# The Whistle Tips go "Woo woo!"



## MadTownUberD (Mar 11, 2017)

Effective immediately per Order of Rakos , this is a required installation for all 1337 Uberizers. Failure to comply will result in severe disciplinary action administered by upyouruber , up to and including account suspension / permanent deactivation.
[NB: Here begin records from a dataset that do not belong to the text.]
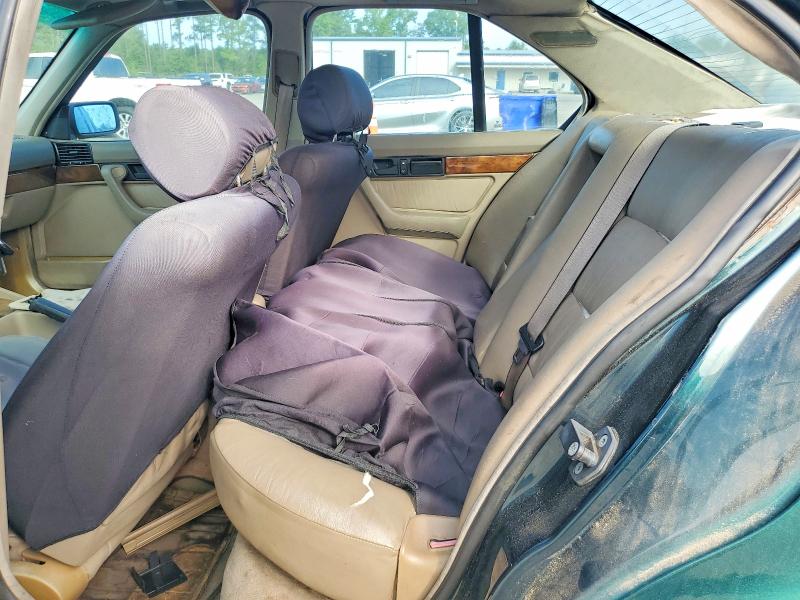 Aukcja sprzedaży 1995 Bmw 530, vin: WBAHE2327SGE93490, numer aukcji: 61894476
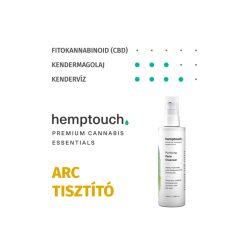 HEMPTOUCH Tisztító arclemosó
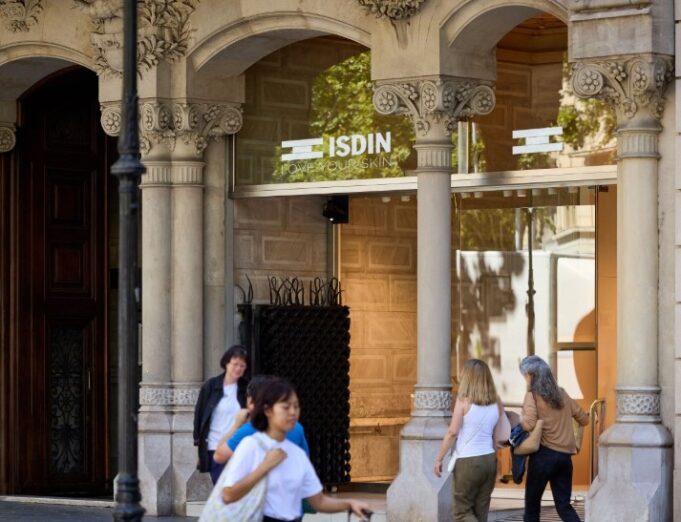 Isdin fortalece su proyección internacional con su incorporación al Foro de Marcas Renombradas Españolas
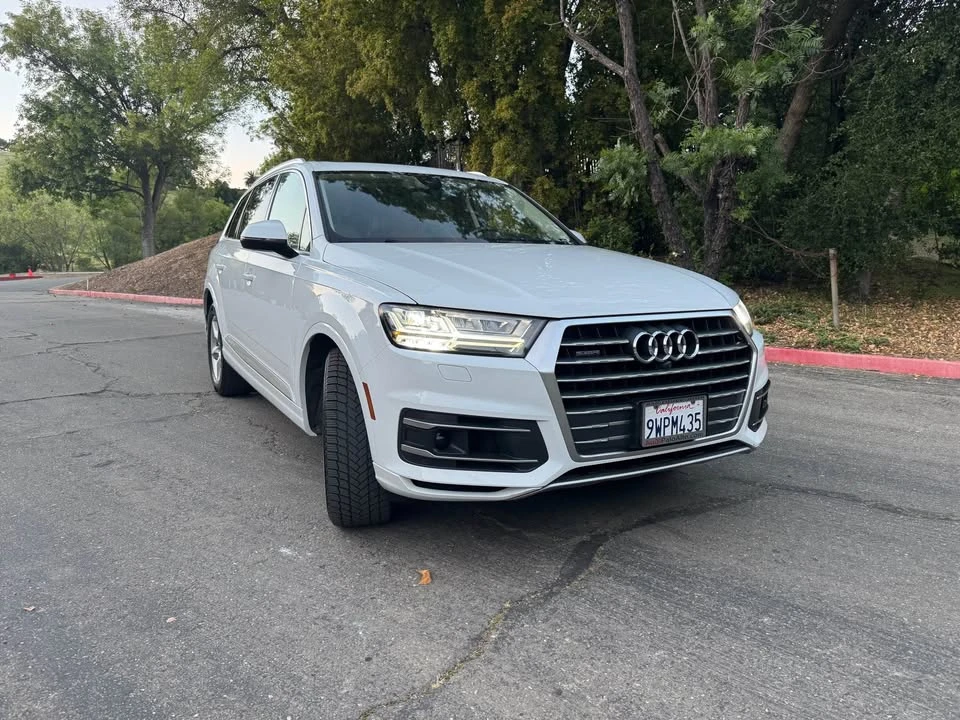 2018 Audi 4M Q7 - Image 2 of 20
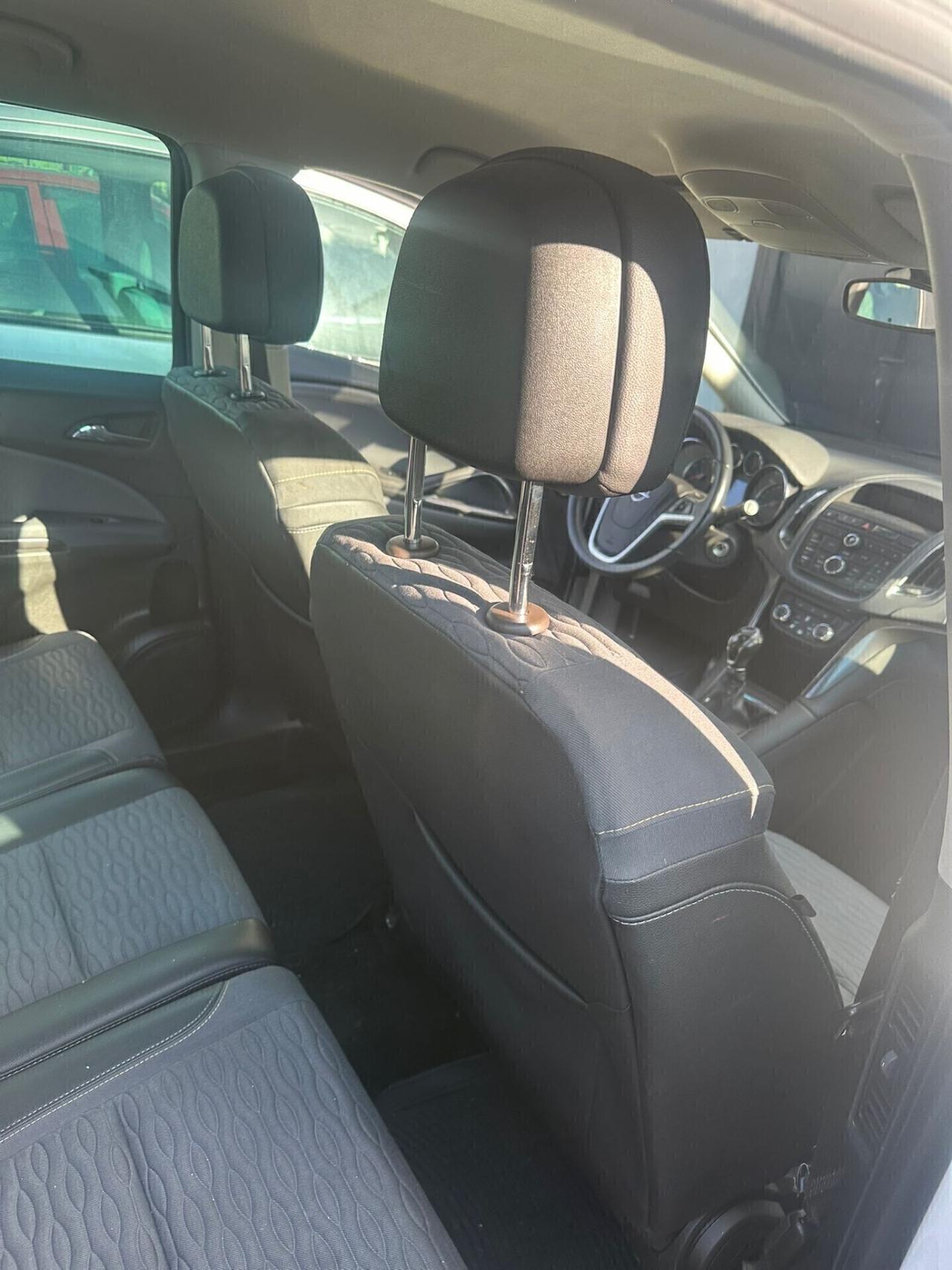 Opel Zafira Tourer 1.6 Turbo EcoM 150CV Elective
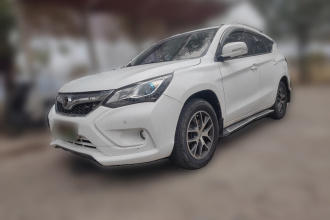 比亚迪 宋 2017款 盖世升级版 1.5TID 自动精英型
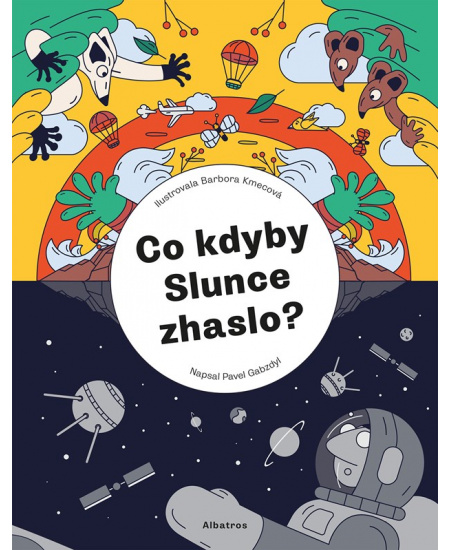 Levně Co kdyby Slunce zhaslo?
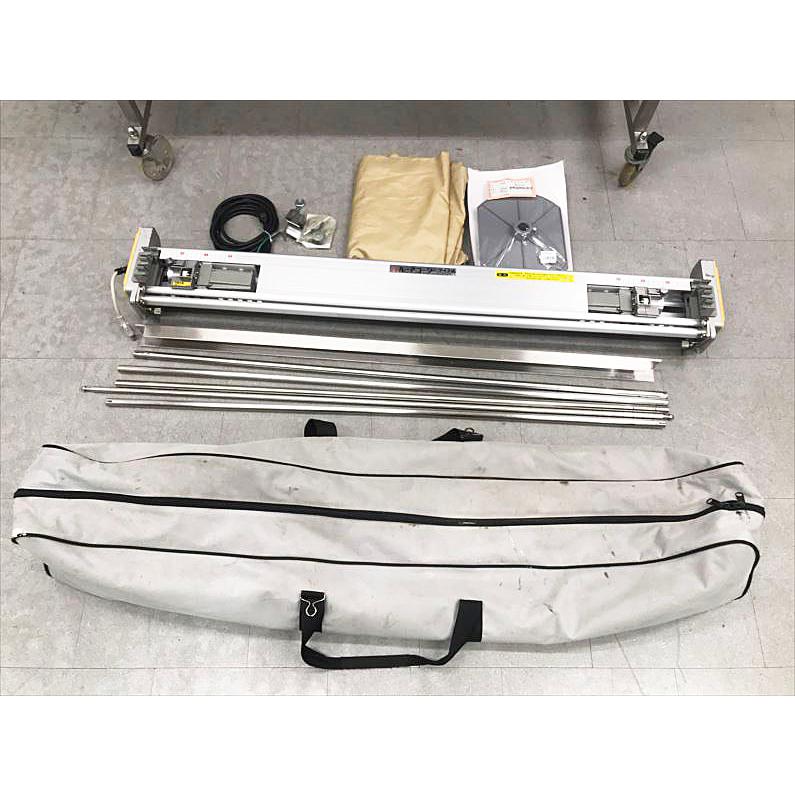S2212 送料無料！【中古品】自動壁紙糊付機 極東 プライム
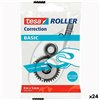 Correction Tape TESA Basic White 5 mm x 8 m (24 Units)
- MadTownUberD , Magistrate of the North Central Region


----------



## upyouruber (Jul 24, 2017)

MadTownUberD said:


> Effective immediately per Order of Rakos , this is a required installation for all 1337 Uberizers. Failure to comply will result in severe disciplinary action administered by upyouruber , up to and including account suspension / permanent deactivation.
> 
> - MadTownUberD , Magistrate of the North Central Region


I'm sold on it!
After all, the shining endorsement from the two intellectuals interviewed,
is all one needs to rush out and have one installed ASAP!
Seriously, where do these idiots come from? 
Well, we all know the answer to that!


----------



## MadTownUberD (Mar 11, 2017)

The news segment has so many outstanding interviews. I believe this is a prime example of American journalism at its finest.


----------



## Uber's Guber (Oct 22, 2017)

America is becoming a 3rd world chithole.
 Beam me up, Scotty.



upyouruber said:


> the shining endorsement from the two intellectuals interviewed, is all one needs to rush out and have one installed ASAP!
> Seriously, where do these idiots come from?


Obama's legacy.


----------



## upyouruber (Jul 24, 2017)

MadTownUberD said:


> The news segment has so many outstanding interviews. I believe this is a prime example of American journalism at its finest.


Yes, Walter Kronkite would be very proud!


----------



## thatridesharegirl (Jul 7, 2016)




----------



## MadTownUberD (Mar 11, 2017)

Uber's Guber said:


> Obama's legacy.


Video is 12 years old. Obama took office in 2008.


----------